Why is my blackness in question?

By P. Crowder 

Member of The Frederick Douglass Foundation

Originally posted  Fri, Mar 14, 2014

Recently, many black people have questioned my blackness. Apparently, for some, I’m not black enough.

But, what makes the claim so bogus to me is that our bi-racial president has been accepted as black by the black masses, even though his mother is white and he was raised by his white grandparents.

Some people have said what makes a person black is “the struggle.” What struggle, I ask? What more does Obama know about struggle than me? For a very brief time he lived in Indonesia, but, even in Indonesia, he lived a fairly comfortable life.

Here, in America, he has lived a privileged life, gone to top notch schools and colleges—and he hasn’t even spent enough time around black people to pick up, as one Democratic politician put it, a so-called “negro dialect.”

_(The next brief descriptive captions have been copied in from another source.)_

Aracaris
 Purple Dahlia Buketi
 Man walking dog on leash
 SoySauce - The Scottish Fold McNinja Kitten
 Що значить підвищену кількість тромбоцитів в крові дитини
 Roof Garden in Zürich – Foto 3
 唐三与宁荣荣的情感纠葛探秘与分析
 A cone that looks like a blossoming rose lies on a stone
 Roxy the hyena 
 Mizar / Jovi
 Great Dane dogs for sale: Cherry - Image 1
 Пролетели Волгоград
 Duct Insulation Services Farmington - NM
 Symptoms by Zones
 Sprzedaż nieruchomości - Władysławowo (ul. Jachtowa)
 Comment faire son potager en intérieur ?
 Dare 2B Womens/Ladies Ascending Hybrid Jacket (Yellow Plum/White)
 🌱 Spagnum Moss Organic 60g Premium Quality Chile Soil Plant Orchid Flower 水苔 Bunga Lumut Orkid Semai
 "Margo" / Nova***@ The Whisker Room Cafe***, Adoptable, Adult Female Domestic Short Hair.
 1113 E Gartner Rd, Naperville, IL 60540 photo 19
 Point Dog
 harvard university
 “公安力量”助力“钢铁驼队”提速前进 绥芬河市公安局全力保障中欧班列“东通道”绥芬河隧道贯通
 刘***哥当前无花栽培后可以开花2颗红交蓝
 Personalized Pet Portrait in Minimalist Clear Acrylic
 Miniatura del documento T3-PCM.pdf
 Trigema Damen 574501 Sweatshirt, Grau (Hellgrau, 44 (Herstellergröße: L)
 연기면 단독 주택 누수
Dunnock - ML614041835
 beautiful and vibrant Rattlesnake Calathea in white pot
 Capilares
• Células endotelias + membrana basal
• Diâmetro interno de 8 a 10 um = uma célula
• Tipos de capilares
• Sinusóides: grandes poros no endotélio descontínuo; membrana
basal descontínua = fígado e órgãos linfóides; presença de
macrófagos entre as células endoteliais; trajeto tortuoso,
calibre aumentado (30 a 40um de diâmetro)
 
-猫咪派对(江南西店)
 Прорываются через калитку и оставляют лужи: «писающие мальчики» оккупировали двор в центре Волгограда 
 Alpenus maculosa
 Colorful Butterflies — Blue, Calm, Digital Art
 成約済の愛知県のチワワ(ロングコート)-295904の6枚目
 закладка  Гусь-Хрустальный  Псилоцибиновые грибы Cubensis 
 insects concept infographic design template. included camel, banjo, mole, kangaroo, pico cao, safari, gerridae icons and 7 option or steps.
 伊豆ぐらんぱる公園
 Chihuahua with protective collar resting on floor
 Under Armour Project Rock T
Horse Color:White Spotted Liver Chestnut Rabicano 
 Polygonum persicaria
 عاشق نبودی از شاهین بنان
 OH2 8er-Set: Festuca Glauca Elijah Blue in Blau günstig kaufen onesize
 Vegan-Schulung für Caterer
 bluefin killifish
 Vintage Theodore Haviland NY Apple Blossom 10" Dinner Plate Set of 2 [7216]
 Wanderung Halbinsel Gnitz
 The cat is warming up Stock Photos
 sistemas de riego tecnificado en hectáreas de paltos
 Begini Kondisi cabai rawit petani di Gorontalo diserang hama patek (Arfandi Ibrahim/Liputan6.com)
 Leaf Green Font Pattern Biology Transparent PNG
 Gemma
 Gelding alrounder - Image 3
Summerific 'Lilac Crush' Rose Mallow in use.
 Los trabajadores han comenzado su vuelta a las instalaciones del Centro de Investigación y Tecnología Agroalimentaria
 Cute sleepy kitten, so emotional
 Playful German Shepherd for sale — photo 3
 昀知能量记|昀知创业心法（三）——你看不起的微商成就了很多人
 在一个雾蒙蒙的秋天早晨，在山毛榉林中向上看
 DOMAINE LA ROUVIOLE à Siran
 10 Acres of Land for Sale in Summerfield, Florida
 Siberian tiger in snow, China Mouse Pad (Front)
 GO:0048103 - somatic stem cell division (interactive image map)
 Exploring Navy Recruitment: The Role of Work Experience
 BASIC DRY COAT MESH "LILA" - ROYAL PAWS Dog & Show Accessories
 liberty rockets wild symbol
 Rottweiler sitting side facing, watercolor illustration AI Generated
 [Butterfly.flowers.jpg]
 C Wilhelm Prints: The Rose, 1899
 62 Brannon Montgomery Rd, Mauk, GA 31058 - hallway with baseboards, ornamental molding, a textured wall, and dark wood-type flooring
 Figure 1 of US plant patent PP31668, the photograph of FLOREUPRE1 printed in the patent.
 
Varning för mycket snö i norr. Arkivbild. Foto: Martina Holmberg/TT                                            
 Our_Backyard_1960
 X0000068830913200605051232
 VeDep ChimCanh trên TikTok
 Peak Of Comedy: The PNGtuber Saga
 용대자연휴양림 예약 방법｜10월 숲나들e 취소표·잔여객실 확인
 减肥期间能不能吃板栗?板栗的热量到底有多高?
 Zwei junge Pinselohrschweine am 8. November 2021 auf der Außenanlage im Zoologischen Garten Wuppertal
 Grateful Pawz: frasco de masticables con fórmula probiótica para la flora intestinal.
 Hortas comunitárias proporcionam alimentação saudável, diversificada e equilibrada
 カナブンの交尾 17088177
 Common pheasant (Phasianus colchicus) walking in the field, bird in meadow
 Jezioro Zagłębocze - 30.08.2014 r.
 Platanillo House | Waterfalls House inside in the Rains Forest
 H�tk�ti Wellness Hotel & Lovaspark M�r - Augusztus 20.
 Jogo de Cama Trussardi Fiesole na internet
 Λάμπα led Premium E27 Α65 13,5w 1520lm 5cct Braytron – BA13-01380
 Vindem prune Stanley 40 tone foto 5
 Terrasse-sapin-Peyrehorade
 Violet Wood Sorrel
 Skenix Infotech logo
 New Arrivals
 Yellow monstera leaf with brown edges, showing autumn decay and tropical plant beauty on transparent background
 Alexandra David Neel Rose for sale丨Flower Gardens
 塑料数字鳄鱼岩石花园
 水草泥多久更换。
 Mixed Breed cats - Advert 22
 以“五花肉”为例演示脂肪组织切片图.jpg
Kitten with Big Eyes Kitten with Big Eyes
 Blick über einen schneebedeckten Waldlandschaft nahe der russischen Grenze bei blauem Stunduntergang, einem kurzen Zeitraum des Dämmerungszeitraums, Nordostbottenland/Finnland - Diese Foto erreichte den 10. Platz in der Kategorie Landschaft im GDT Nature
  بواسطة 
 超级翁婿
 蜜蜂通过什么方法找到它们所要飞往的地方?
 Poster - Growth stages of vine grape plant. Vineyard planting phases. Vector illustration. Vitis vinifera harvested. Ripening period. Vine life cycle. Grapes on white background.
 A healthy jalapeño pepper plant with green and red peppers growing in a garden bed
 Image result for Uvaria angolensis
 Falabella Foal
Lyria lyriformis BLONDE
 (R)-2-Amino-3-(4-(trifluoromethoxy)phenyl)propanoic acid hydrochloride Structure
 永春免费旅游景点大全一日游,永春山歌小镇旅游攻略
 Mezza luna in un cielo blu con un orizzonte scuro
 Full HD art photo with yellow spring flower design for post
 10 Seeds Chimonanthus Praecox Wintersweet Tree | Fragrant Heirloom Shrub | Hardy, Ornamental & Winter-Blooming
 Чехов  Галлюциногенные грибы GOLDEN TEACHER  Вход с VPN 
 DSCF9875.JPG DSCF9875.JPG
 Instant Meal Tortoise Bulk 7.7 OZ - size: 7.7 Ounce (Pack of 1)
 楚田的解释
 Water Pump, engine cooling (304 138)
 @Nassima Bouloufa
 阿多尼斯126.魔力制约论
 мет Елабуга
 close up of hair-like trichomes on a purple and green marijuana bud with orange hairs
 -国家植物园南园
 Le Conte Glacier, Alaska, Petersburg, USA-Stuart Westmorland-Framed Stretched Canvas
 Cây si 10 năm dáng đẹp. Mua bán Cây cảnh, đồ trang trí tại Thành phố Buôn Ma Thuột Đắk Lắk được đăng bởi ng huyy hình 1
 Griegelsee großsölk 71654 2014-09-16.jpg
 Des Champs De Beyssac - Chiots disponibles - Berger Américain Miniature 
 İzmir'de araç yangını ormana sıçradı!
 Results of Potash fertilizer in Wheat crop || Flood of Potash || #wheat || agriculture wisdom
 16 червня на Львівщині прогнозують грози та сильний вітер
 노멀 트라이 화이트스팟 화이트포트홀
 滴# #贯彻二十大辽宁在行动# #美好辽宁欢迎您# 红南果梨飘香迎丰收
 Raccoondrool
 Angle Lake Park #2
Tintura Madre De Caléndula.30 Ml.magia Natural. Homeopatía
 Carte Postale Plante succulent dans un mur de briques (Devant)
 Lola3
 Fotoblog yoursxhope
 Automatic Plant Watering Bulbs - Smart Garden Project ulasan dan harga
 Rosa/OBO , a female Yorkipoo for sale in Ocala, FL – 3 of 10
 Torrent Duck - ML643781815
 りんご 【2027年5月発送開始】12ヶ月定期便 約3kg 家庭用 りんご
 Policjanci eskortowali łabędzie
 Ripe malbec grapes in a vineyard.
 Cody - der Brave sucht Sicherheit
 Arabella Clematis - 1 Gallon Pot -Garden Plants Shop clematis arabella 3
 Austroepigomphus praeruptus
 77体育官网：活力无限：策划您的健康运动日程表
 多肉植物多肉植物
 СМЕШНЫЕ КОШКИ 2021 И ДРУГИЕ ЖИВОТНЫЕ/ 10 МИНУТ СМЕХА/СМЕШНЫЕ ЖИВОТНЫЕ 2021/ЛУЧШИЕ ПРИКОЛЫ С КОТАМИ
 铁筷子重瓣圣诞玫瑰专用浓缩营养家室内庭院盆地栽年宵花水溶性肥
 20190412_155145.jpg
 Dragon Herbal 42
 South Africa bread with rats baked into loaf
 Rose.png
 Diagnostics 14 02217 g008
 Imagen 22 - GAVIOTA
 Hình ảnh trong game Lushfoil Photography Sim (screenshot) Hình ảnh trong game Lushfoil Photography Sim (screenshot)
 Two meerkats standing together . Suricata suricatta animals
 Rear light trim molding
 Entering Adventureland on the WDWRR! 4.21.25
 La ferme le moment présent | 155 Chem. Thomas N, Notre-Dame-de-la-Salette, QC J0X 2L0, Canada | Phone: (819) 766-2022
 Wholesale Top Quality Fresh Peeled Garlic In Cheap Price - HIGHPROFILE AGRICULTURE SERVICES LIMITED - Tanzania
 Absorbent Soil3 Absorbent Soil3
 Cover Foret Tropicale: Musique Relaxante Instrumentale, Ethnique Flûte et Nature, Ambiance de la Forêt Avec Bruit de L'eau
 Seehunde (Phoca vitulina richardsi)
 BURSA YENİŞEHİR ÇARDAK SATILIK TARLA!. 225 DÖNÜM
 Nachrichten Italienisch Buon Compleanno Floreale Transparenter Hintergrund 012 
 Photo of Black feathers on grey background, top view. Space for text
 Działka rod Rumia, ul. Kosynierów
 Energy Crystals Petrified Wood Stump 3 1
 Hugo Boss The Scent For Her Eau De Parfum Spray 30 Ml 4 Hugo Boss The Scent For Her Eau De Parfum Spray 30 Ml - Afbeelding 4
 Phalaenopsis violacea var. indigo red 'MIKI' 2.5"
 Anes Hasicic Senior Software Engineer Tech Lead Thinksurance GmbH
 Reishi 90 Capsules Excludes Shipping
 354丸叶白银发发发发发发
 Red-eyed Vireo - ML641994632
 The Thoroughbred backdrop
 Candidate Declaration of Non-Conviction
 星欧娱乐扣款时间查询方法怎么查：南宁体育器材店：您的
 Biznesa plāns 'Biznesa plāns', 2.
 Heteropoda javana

I, on the other hand, know a little bit about struggle. My family was poor by America’s standards, as were many other black, white, Hispanic, and “other” families that I know. We didn’t have many luxuries. We just had the basics. My family had been on food stamps before there was such thing as an EBT card. For years, we received our monthly allotment of government cheese, rice, boxed potato flakes, powdered milk, and dry cereal from our government taskmasters, in exchange for a small slice of our privacy and a big chunk of our dignity.

I know a little bit about struggle. I’ve lived in crime-ridden and poor Rochester, N.Y. neighborhoods. For those who are familiar with the area, I have lived on both the east side and the west side.

What does Obama know about the likes of Treyer St., Fourth St., Hoeltzer St., Clifford Ave., Flint St., Bronson Ave., Jefferson Ave., St. Simons Terrace, Fight Square, Fight Village, and Orleans St.? Those were my hoods.

I know a little about struggle. I’ve endured both racial and gender-based discrimination.

I’ve been sexually harassed, disrespected, spit upon, and called names.

I know something about struggle.

So, if I have the same sufferings and struggles of other blacks in America, why is my blackness in question?

My skin is black. But apparently black skin isn’t black enough. My jet-black hair is fashioned in locks, but I guess natural black hair is not enough. My lips are full, my nose is wide, my mouth protrudes, and my dress size? Full. But, for some reason, that is not enough! My mother? Black. My father? Black. My children? Black. My husband? Black . . and fine! So, why is my blackness in question?

I will give you a clue. During all the years I voted as a Democrat, I was considered blacker than black. I had been considered a “sista,” down for the struggle. My skin, my hair, my lips . . . black, black, black! My blackness was undeniable!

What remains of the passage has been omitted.